Motivation and Kids With Learning and Thinking Differences
What gives kids the drive to do things? Often, it’s the prospect of succeeding—or at least improving so you can succeed. The more kids feel competent at a task, the more likely they are to enjoy the activity and want to get better at it. Success builds motivation, which leads to more success.
But kids with learning and thinking differences typically experience more setbacks than their peers. They face more challenges. And improvement and success may come more slowly or less frequently despite hard work. That can take a toll on motivation.
If a child studies for a test and still doesn’t do well, she might be motivated to try harder and do better next time. But if she keeps doing poorly, she may start to think, “Why bother studying for the next test? It’s not going to make a difference.”
Over time, she may start to anticipate a bad outcome with anything she does. That can cause her to give up easily, not try her best and avoid challenges altogether.
But if she finds the motivation to try yet again, she can persevere. She might be willing to stick with it even if she doesn’t have positive experiences at first. And that can build resilience.
How to Help Your Child Find Motivation
Kids with learning and thinking differences need motivation to try and try again.
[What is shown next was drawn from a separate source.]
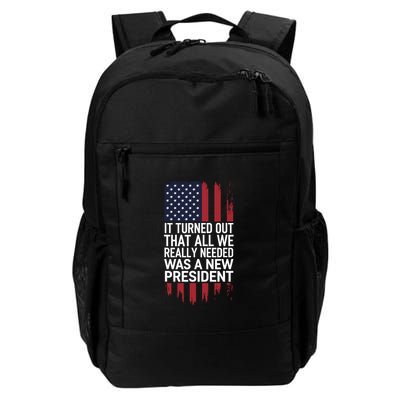 It Turned Out That All We Really Needed Was A New President Daily Commute Backpack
But without a strong history of success, your child may need more of a boost from you. Here are some ways you can help your child stay motivated.
Help her feel successful. Feelings of success aren’t limited to the end of a project. With a little help from you at the start, your child can have positive moments along the way.
For example, if she has to write a paper, you might download a graphic organizer and help her with the outline. That extra support may help her feel more engaged in the writing process.
It may also build confidence as she’s working on it. So even if the outcome isn’t the greatest, that feeling of success while doing it may help her approach the next paper feeling motivated.
Focus on effort, not outcomes. If your child does well on a test, don’t just share your excitement over the grade. There are more helpful ways to give her praise. Ask her what she did to prepare. Did she make flashcards or get extra help from the teacher?
Do the same if she doesn’t do well. Reflecting on how she approached studying may help her discover other ways to do it next time. That can motivate her to try a new approach.
Foster a growth mindset. If your child tries but doesn’t succeed, avoid saying what’s done is done and leaving it at that. Frame the discussion around the steps she can take. That can help her keep moving forward instead of feeling stuck.
Focusing on “the next time” can help your child develop a “growth mindset.” It can instill the belief that you get better with practice. That’s much more motivating than a “fixed mindset,” the belief that if you’re not naturally great at something you’ll never be great at it.
Get your child out of her comfort zone. When kids experience negative outcomes, they can lose the motivation to try new things. That can happen with activities outside of school, too. But taking risks and trying new things can help kids to uncover new strengths and passions.
That’s why it’s important to stress the upside of trying things that may be difficult at first. Let’s say your child is starting to take piano lessons. She’s struggling just like all kids do when they begin learning a new activity. But if she’s used to having bad experiences when she works at things, she might avoid practicing.
In that case you can say, “I know it’s hard in the beginning. But imagine how great it will feel when you can play that song.” That may remind her of the incentive to keep trying.
Recognize success. No matter how your child does, find something you can say that’s positive and also true. Examples include: “You were a great team player today,” or “Your scales are getting better,” or “It’s great that you asked the teacher for help.”